1. Die alte Dame
Wer es nicht gewohnt ist, seinen Alltag in einem Haus mit eintausendeinhundert Zimmern zu verbringen, dem kann man schwerlich verübeln, wenn er an einem solchen Ort den Überblick verliert – zumal wenn ein dringendes Bedürfnis dafür sorgt, dass man vor allem schnell gewisse Örtlichkeiten sucht. So wie Kate Bulloch, die nicht damit gerechnet hatte, dass die Führung durch Windsor Castle so lange dauern würde.
Die Leiterin der Gruppe holte gerade Luft, um ihren Vortrag über die Sammlung an da Vincis fortzusetzen, die die englische Krone ihr Eigen nennt, und Kate war in der Tat überwältigt. Allerdings weniger aus kunstgeschichtlichen Gründen, sondern vielmehr aus physiologischen. »Ehe wir in den Ostflügel gehen«, sagte die Museumsführerin, »gibt es Fragen?«
Ja! Gab es. Doch leider stand Kate zu weit hinten, um sich bemerkbar zu machen. Es wäre ihr auch peinlich gewesen – hier wurde gewiss kein »Wo sind bitte die Toiletten?« erwartet, sondern eher etwas wie: »Und in welcher Phase seines Schaffens hat Leonardo diese Skizzen entworfen?«
Zu den Vorteilen einer nicht ganz so vornehmen Abstammung gehört es, dass man früh lernt, sich unauffällig zu verdrücken. Und genau das tat Kate Bulloch, als die Gruppe sich auf zum nächsten Saal machte, staunend und raunend über all den Prunk, der sie umgab, und über den Atem der Geschichte, der sie hier umwehte. Denn das tat er! Windsor Castle ging immerhin zurück auf die Zeit von Wilhelm dem Eroberer, gewissermaßen dem Stammvater der heutigen Briten.

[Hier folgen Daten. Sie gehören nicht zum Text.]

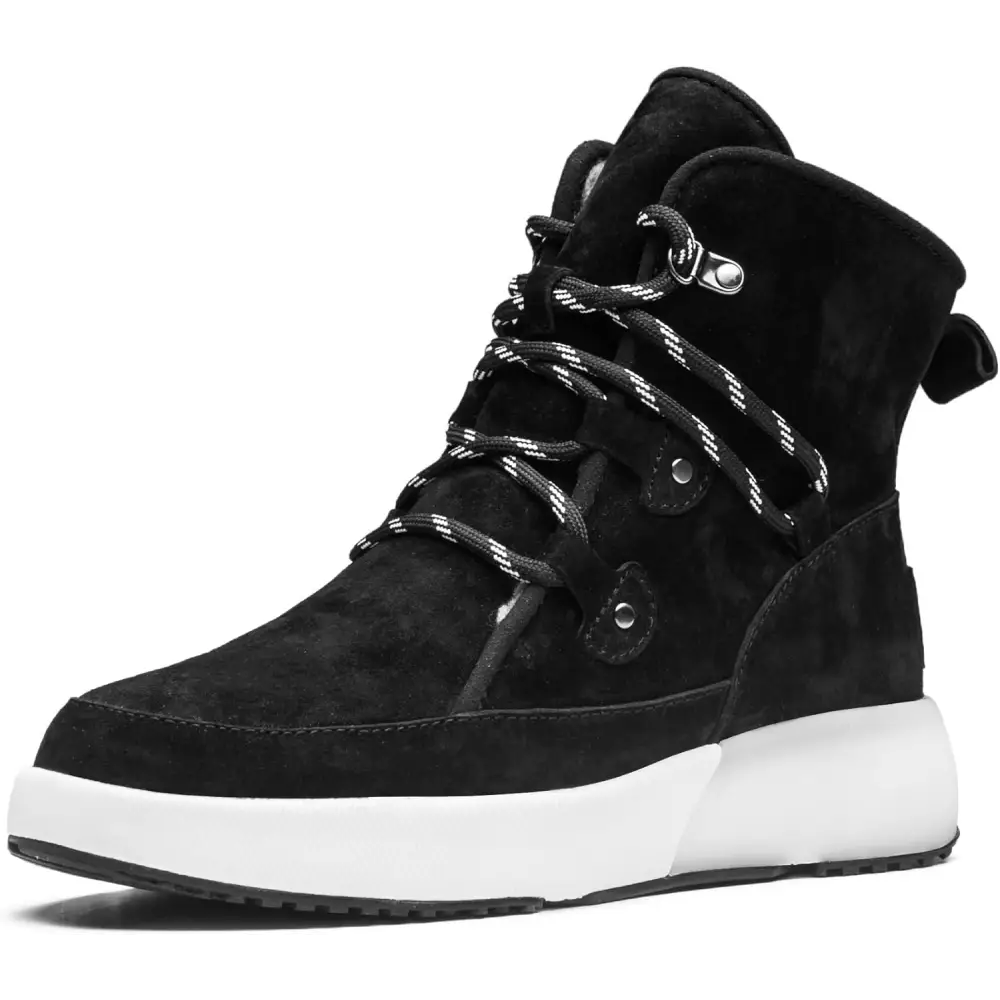 AUMU Taurus Leather Metal Buckle Brass Eyelets Suede Upper Laces Winter Snow Boots… - Black / 7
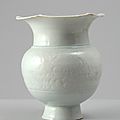 White ware vase with lobed rim and floral decoration, 12th - 13th century, Southern Song Dynasty (1127 - 1279)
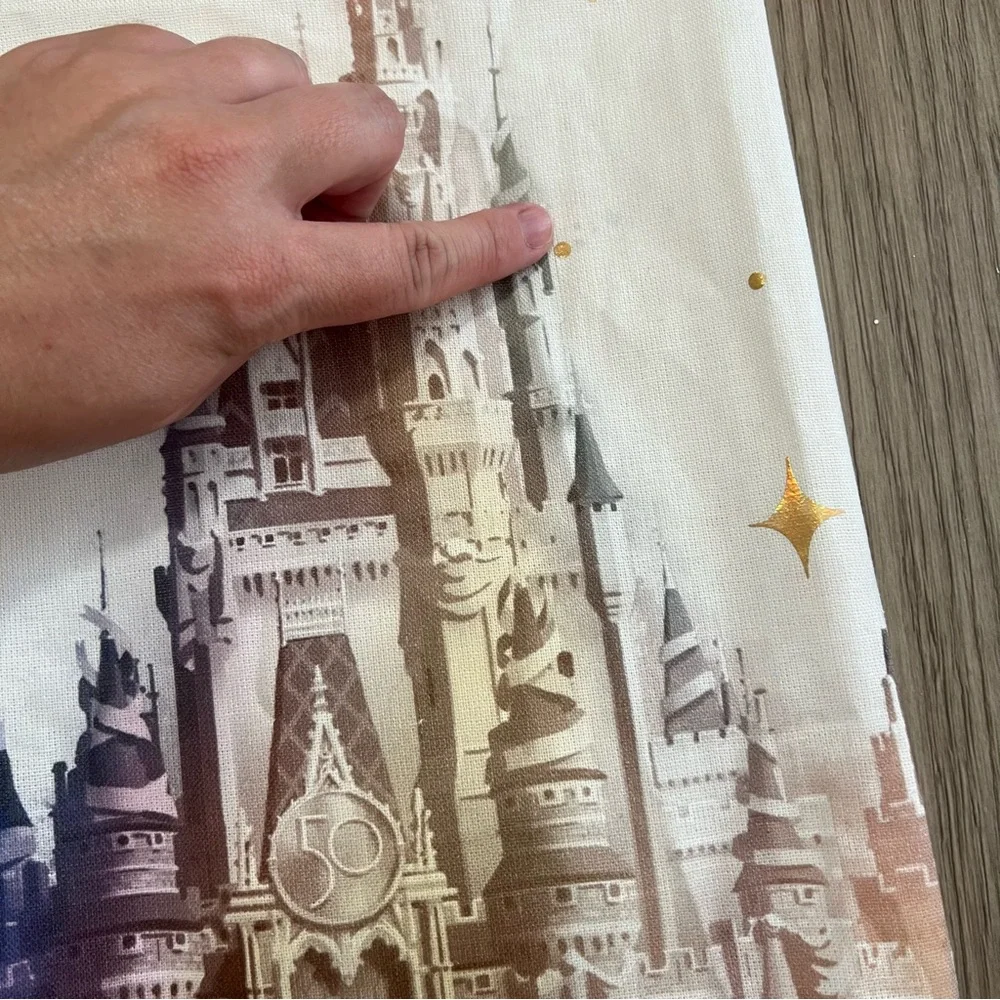 Walt Disney World 50th Anniversary Castle Hand Towel with Tassel Detail NWOT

Während die Besichtigung mit dem berühmten Crimson Drawing Room weiterging, sah Kate sich unauffällig um. Ihre Freundin Zaira war irgendwo in der Gruppe verschwunden. Ein paar Schritte entfernt stand ein Aufseher, der verstohlen auf seinem Smartphone tippte. Eben noch hatte die Leiterin der Gruppe mit bedeutungsvoller Miene eine der »unsichtbaren Türen« für die Gäste geöffnet, von denen es angeblich Hunderte auf dem Schloss gab: schmale Durchlässe, die tapeziert oder getäfelt waren wie die Wand, in die sie hineingebaut worden waren, sodass man sie tatsächlich vollkommen übersah, wenn man nicht zufällig wusste, dass es sie gab. Nun, in diesem Fall war es nicht mehr zufällig, denn die Führerin hatte ihnen die Tür ja gezeigt … Der Aufseher wandte sich unter dem kritischen Blick der jungen Besucherin etwas von ihr ab, um weiter auf seinem Smartphone zu tippen. Und als er sich wieder zu ihr umdrehte, war sie verschwunden. Allerdings nicht im Tross der Gäste, sondern in der scharlachroten Seidentapete, mit der die Wände auf diesem Flur bespannt waren. Genauer gesagt: hinter der »unsichtbaren Tür«, die selbstverständlich für Fremde absolut tabu war!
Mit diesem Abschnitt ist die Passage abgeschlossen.